Soaring costs or not, First Watch won’t take its foot off the innovation pedal. Its most recent seasonal offering featured the Barbacoa Quesadilla Benedict—two barbacoa quesadillas prepared quesabirria-style, topped with poached cage-free eggs and covered with Vera Cruz hollandaise, ranchero sauce, and scallions. First Watch served it with seasoned black beans and housemade pico de gallo.
Tomasso said the product performed “far better” than already high expectations and aligned with culinary trends seen throughout the independent restaurant industry. “What’s more special here is that this menu item was identified and tested close to a year and a half ago, highlighting our ability to identify early trends and [roll out] seamlessly throughout a fast-growing system,” he said. “This is a unique competitive advantage that’s been refined over decades.”
On the employee front, Tomasso said First Watch’s hourly staffing levels are roughly 93 percent of what they were previously.
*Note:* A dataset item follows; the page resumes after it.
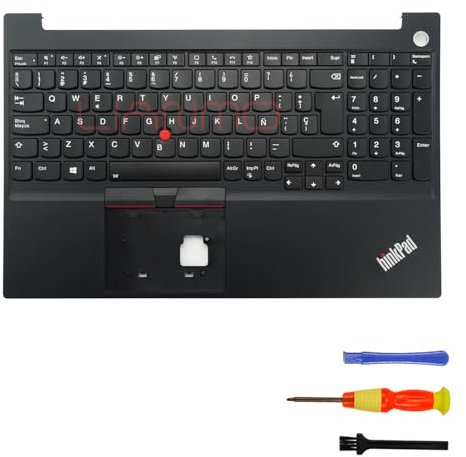 Teclado retroiluminado de repuesto compatible con Lenovo ThinkPad E15 Gen2 Gen3 Gen4 (español)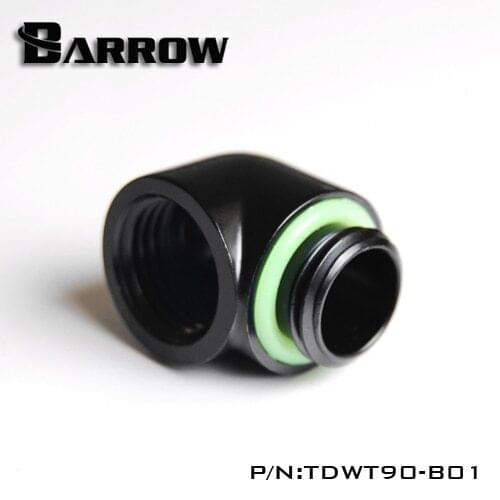 Barrow Brass Black White Silver G1 / 4 thread 90 degree Fitting Adapter water cooling Adapter water cooling fitting TDWT90-B01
Manager figures have “improved slightly” and currently stand at 2.8 managers per locations.
Whether First Watch ever gets all the way back or what that means for the industry going forward is hard to pin down. But the chain will work on efficiencies as that settles. First Watch’s KDS rollout is ahead of schedule, Tomasso said, and has helped the brand serve additional demand, particularly during peak hours. The goal is at least half of locations by year’s end. At Q2 exit, KDS was active in 114 restaurants. It’s upped to more than 200 since. Ticket times and accuracy improved.
“We still have relatively low brand awareness yet impressive guest satisfaction scores, creating an ideal opportunity as we move forward,” Tomasso said. “Consumers are still discovering us and we’re in a great position in our brand lifecycle as we grow toward our long-term potential of 2,200 restaurants in the U.S.”